Flow Matching is different. Because it rebuilds the signal through many iterative denoising steps rather than rendering it in a single pass, the original generative fingerprints get diluted into the reconstruction. Detector flag rates drop. We are not going to claim it makes a track undetectable — detection is an arms race and nothing is guaranteed — but if your distribution path runs through platforms that screen, Flow Matching is materially better behaved than Enhanced.
For the full release-prep workflow including loudness, format, and platform-specific notes, the longer write-up is in how to master Suno tracks for release.
A decision tree
Default to Enhanced. On most material — Suno mp3 downloads, YouTube rips, lossy renders from any source — it does enough of the job that the extra cost and wait of Flow Matching are not justified. Run it first, listen on whatever you would normally mix on, and ship it if it sounds right.
Reach for Flow Matching when one of three things is true. First, when fidelity is the point — final masters, release deliverables, critical-listening sessions where you can hear the residue Enhanced leaves behind. Second, when the source has obvious vocoder character that Enhanced does not move the needle on — usually acoustic-leaning tracks where the top end matters most. Third, when your distribution path runs through AI-content screening and you specifically need the generative fingerprints washed out.
If you are unsure, run Enhanced first. It is one credit and finishes before you can make coffee. If the output sounds finished, you are done. If it does not, run the same source through Flow Matching and compare. Free tier covers 2 refinements per month, which is enough to do exactly this comparison on one track and decide which preset you want as your default.
Plans and credits
Plan limits and credit costs are on the pricing page. Briefly: Free is 2/month, Hobby covers light use, Pro and Studio unlock the 48 kHz and 32-bit float output options, and one-off credit packs cover surge use without changing your plan. Start free if you have not already — running both presets on a real track of yours is the fastest way to settle the question of which one belongs in your workflow.
Frequently asked questions
- Is Flow Matching always better than Enhanced?
- No. Flow Matching recovers finer high-frequency detail and washes out generative-AI fingerprints, but it costs more credits and takes 6-12 minutes per track instead of 10-30 seconds. For most material, Enhanced is the right default. Flow Matching is the tool you reach for when fidelity is critical or AI-detector behavior matters.

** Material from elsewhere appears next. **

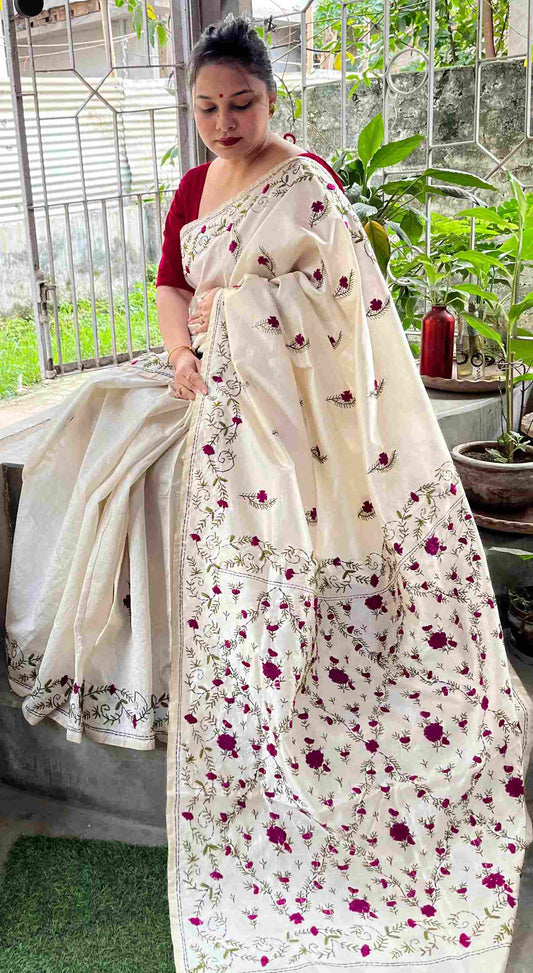Parsi Gara Saree in Off White – hand-embroidered Semi Tussar Silk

- Will Enhanced output pass AI-content detectors?
- Sometimes, but not reliably. Enhanced uses a neural synthesizer to render the cleaned waveform, and that synthesis step shares statistical fingerprints with other generative-AI audio. Flow Matching rebuilds the signal through many iterative denoising steps, which tends to wash those fingerprints out — outputs are harder for detectors to flag, though no method is guaranteed.
- How long does each preset take?
- Enhanced finishes in roughly 10-30 seconds on a three-minute track. Flow Matching takes 6-12 minutes on the same length, depending on whether you choose Normal or High quality. High runs more denoising steps for finer detail.
- What do they cost?
- Enhanced is 1 credit. Flow Matching is 3 credits on Normal and 4 credits on High. Free plan includes 2 refinements per month; Hobby, Pro, Studio plans and credit packs are on the pricing page.
- Do both presets export the same format?
- Both export WAV at 44.1 kHz, 24-bit by default. On Pro and Studio plans you can render at 48 kHz, and Flow Matching on those plans can export 32-bit float — useful when the refined file is going straight into a DAW for further processing.